-- Opening Marker --

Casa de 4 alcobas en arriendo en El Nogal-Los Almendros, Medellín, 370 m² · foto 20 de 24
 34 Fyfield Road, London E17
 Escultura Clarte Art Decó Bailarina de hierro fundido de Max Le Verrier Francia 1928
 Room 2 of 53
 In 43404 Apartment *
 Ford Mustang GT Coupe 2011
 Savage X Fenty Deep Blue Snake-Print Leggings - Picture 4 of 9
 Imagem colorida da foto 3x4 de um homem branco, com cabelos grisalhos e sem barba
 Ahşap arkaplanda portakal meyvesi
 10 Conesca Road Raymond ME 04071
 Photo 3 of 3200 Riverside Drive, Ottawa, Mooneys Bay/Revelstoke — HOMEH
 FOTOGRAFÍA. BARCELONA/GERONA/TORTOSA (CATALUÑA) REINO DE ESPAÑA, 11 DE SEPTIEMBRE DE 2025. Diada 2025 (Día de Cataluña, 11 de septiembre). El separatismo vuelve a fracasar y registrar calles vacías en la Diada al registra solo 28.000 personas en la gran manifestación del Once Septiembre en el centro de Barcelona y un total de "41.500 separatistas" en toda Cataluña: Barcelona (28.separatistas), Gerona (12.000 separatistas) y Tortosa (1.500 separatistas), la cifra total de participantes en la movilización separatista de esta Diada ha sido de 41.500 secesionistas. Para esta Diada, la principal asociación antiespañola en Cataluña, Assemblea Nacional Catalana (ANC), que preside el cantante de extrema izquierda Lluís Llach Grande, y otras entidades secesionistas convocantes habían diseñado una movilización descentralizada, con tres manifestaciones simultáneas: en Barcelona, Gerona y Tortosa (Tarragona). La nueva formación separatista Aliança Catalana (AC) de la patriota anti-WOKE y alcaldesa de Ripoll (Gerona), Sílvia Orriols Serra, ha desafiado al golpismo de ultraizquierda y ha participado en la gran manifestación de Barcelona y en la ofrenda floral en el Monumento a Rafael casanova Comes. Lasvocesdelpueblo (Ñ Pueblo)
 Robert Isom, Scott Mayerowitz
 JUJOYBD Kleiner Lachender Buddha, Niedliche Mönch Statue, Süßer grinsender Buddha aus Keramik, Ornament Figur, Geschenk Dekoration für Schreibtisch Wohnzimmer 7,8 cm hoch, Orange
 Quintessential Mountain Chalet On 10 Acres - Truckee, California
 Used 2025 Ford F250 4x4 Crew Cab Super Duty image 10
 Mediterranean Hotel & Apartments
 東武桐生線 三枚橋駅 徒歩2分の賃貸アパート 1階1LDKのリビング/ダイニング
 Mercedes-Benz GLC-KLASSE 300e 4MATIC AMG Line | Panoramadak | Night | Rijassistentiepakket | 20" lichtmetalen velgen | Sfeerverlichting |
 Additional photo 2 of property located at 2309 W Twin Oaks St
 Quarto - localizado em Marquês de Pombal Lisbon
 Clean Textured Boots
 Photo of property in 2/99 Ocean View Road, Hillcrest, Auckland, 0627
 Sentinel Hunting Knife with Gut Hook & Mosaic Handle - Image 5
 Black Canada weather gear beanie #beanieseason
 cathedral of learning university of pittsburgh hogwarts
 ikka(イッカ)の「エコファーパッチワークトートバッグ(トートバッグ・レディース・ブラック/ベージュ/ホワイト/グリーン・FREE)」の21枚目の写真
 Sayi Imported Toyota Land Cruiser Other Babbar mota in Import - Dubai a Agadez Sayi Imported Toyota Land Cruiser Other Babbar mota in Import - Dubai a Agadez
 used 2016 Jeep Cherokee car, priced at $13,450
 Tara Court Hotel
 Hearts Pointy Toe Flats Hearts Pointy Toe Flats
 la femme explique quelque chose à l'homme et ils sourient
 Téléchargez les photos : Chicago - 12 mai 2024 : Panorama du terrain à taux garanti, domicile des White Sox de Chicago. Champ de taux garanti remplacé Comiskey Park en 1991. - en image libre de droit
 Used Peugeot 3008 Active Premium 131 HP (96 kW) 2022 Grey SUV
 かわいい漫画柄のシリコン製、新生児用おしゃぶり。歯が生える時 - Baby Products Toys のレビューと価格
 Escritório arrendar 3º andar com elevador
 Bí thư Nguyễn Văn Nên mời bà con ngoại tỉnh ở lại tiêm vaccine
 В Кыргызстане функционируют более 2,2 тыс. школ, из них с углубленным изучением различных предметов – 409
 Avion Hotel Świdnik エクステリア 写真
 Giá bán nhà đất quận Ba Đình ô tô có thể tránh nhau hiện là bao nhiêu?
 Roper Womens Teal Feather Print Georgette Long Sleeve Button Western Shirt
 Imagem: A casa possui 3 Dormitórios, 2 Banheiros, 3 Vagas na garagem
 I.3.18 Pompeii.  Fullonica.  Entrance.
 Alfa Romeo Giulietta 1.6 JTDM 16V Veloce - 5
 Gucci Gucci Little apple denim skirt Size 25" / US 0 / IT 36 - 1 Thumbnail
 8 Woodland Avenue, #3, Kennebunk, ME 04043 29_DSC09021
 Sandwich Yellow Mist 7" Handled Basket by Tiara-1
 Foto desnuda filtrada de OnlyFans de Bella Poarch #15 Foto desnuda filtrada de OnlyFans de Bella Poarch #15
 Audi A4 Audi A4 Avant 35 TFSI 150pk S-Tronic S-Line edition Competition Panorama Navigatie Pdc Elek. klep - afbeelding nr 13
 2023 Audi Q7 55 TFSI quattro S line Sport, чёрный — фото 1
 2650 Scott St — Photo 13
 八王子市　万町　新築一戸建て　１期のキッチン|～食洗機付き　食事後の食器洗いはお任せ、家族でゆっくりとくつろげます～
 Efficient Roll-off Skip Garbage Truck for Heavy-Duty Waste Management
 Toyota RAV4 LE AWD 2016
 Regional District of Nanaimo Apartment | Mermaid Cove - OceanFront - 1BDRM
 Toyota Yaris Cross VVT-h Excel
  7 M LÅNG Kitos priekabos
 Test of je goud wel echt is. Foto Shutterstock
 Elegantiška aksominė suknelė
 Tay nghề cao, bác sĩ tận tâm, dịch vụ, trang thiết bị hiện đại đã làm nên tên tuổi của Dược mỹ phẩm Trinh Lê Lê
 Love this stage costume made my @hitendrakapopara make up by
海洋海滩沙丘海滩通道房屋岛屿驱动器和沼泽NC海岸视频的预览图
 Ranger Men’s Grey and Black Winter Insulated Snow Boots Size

-- Closing Marker --

**TRY IT:**
Here the output must be the lines above from the line with "In 43404 Apartment *" to the line with "Photo 3 of 3200", both included, duplicated word for word and nothing else.

**SOLUTION TO THE PROBLEM:**
 In 43404 Apartment *
 Ford Mustang GT Coupe 2011
 Savage X Fenty Deep Blue Snake-Print Leggings - Picture 4 of 9
 Imagem colorida da foto 3x4 de um homem branco, com cabelos grisalhos e sem barba
 Ahşap arkaplanda portakal meyvesi
 10 Conesca Road Raymond ME 04071
 Photo 3 of 3200 Riverside Drive, Ottawa, Mooneys Bay/Revelstoke — HOMEH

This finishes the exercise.